Carney explained that policymakers are devising a plan to establish an international bail-in organization to thwart off big bank failures in the future. Although the central bank figure did not issue a guarantee that all depositors would be safe under any circumstance, Carney noted that it’s hard to fathom that Canadians’ deposits would be confiscated.
What is a bail-in? It’s when an entity has to look for money from within to solve a crisis, which is the opposite of a bailout when money originates from an outside source, such as a government agency. In this case, a financial institution would be required to set aside capital, such as shares, in order to provide liquidity and stabilize the situation. Officials say its depositors’ money would not be required.
“Canadian institutions have substantial unsecured debt obligations in the wholesale market and as well as other classes of capital, and they have substantial capital as well, so once you stack all of that up, regardless of whether one would look to reach into it…it’s hard to fathom why it would be necessary,” stated Carney
Finance Minister Jim Flaherty proposed the bail-in plan deep in this year’s federal budget:
“The Government proposes to implement a ‘bail-in’ regime for systemically important banks. This regime will be designed to ensure that, in the unlikely event that a systemically important bank depletes its capital, the bank can be recapitalized and returned to viability through the very rapid conversion of certain bank liabilities into regulatory capital.”
Ottawa attempted to clarify what the bail-in regime meant in the budget after media outlets and blogs reported on it. Many Canadians were concerned, especially after Cyprus confiscated large amounts of deposits in the island nation’s banking system.
Kathleen Perchaluk, the finance minister’s press secretary, issued a statement last week to clarify the bail-in scenario.
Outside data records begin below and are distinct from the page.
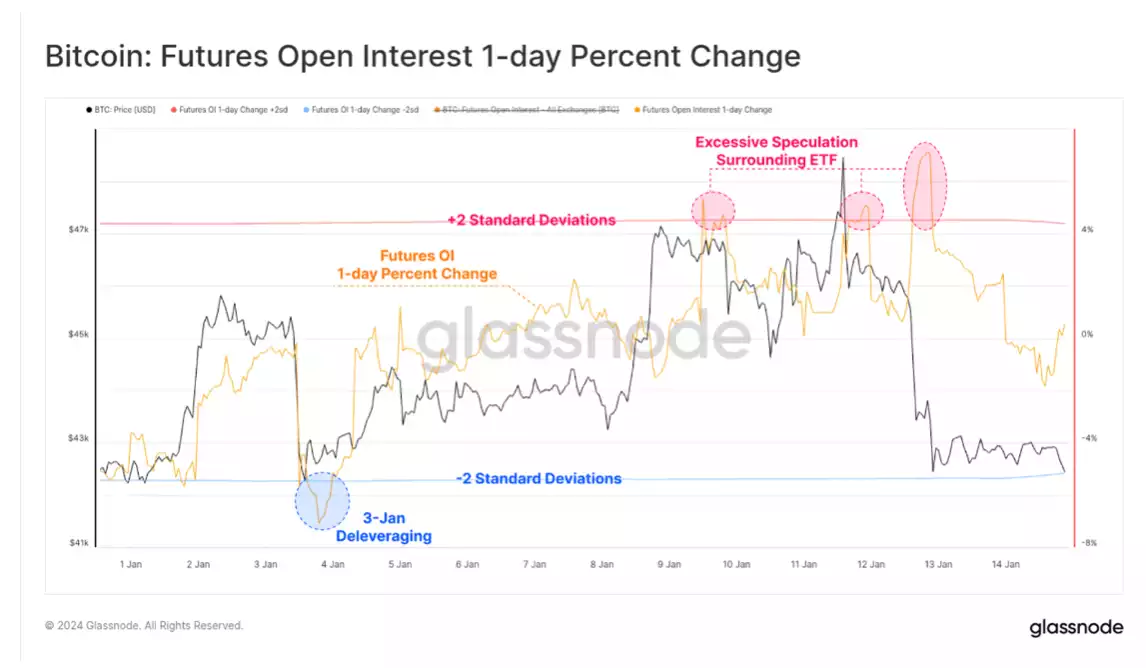 Is BTC ETF a ‘Sell the News’ Event?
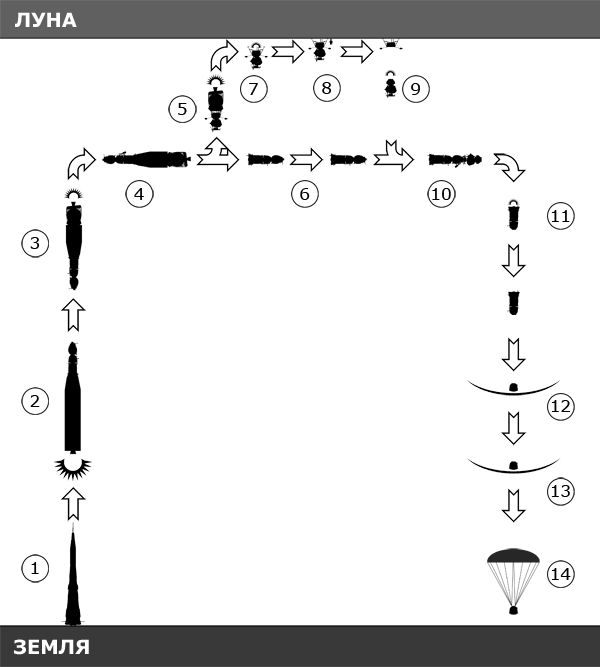 Война 2020. Первая космическая - pic_5.png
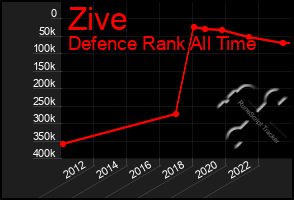 Total Graph of Zive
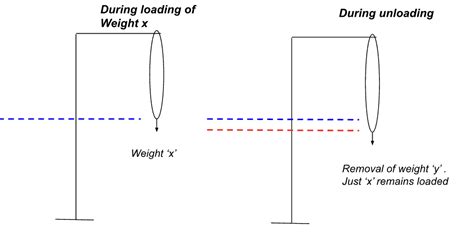 🔍 The Science Behind Elastic And Magnetic Hysteresis 📏🔧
“The bail-in scenario described in the Budget has nothing to do with depositors’ accounts and they will in no way be used here,” said Perchaluk. “Those accounts will continue to remain insured through the Canada Deposit Insurance Corporation (CDIC), as always.”
Perchaluk said the measures being proposed would help the taxpayers and depositors from having to bail out a financial institution. “If a bank is having severe difficulties, the bail-in regime would force certain debt instruments to be converted into equity to recapitalize the bank.”
Despite Canadian officials assuring the general public that their money is not at risk, many are wary of what the federal government says, considering its past record.
Michel Chossudovsky, professor of economics at the University of Ottawa, published an article titled “The Confiscation of Bank Savings to ‘Save the Banks’” that discusses the Cyprus situation establishes a dangerous precedent. He argues that politicians and bankers could use this “weapon of financial destruction” against smaller credit unions and other independent banks that could hurt their monopoly.
Economic Collapse News reported earlier this month that finance guru Jim Rogers believes central banks around the world would follow Cyprus’s lead of stealing deposits in order to save the financial system. Rogers made the case that since it was a policy endorsed by euro partners and the International Monetary Fund (IMF) the other central banks would implement the same policies and justify it by pointing to the IMF, eurozone and others.
“The IMF has said ‘sure, loot the bank accounts’ the EU has said ‘loot the bank accounts’ so you can be sure that other countries when problems come, are going to say, ‘well, it’s condoned by the EU, it’s condoned by the IMF, so let’s do it too,” explained Rogers.